Given records:
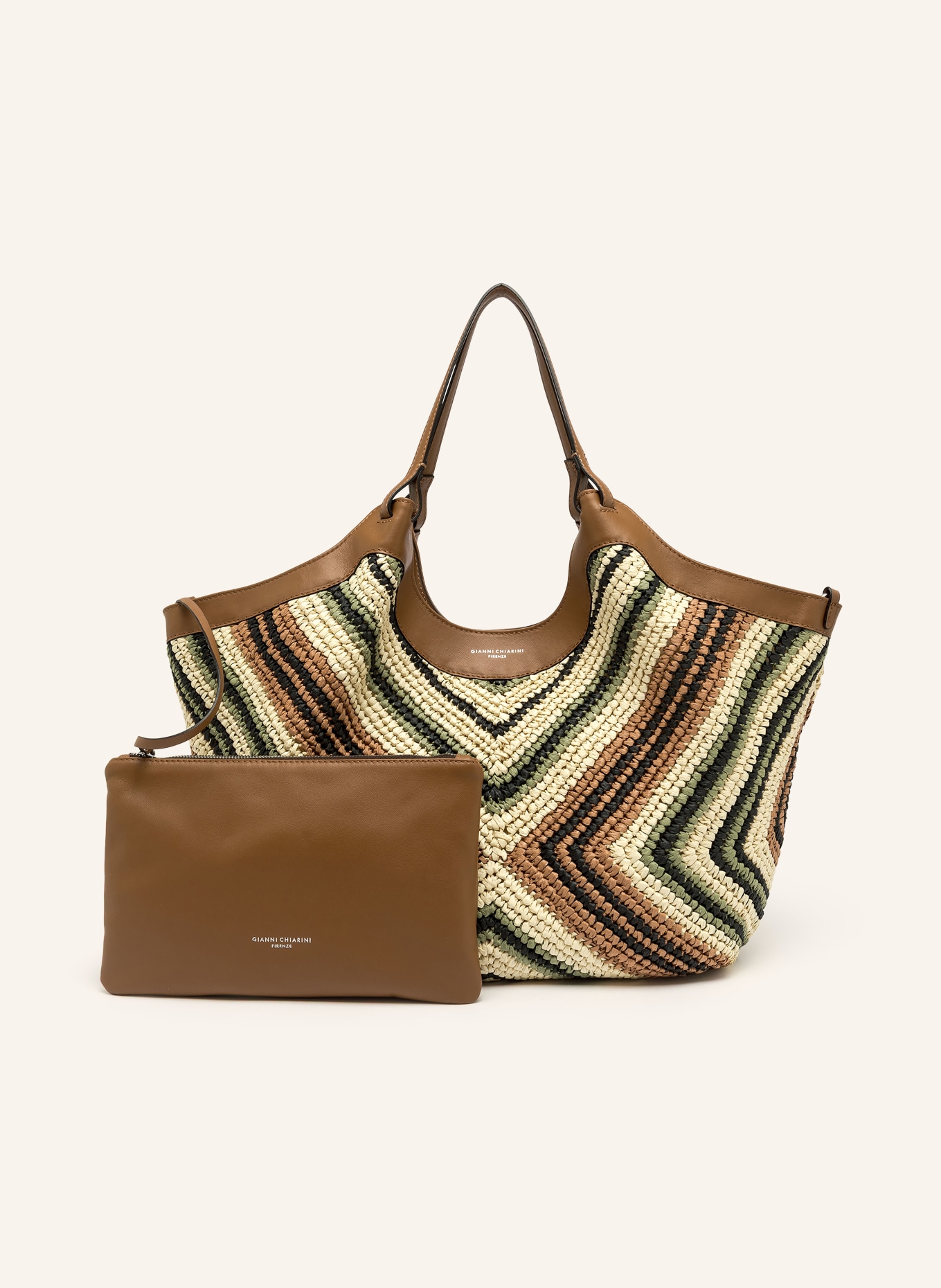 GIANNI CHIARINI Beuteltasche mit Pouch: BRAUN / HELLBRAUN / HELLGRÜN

...

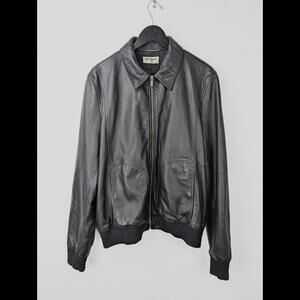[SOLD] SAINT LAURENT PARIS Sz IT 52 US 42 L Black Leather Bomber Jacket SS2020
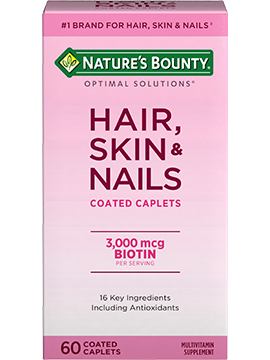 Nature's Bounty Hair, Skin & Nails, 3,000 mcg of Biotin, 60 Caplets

Exercise description:
Pictures in the material above should be skipped; print exactly the lines from the one with "[SOLD] SAINT LAURENT" through the one with "Nature's Bounty Hair, Skin".

Result:
[SOLD] SAINT LAURENT PARIS Sz IT 52 US 42 L Black Leather Bomber Jacket SS2020
 Nature's Bounty Hair, Skin & Nails, 3,000 mcg of Biotin, 60 Caplets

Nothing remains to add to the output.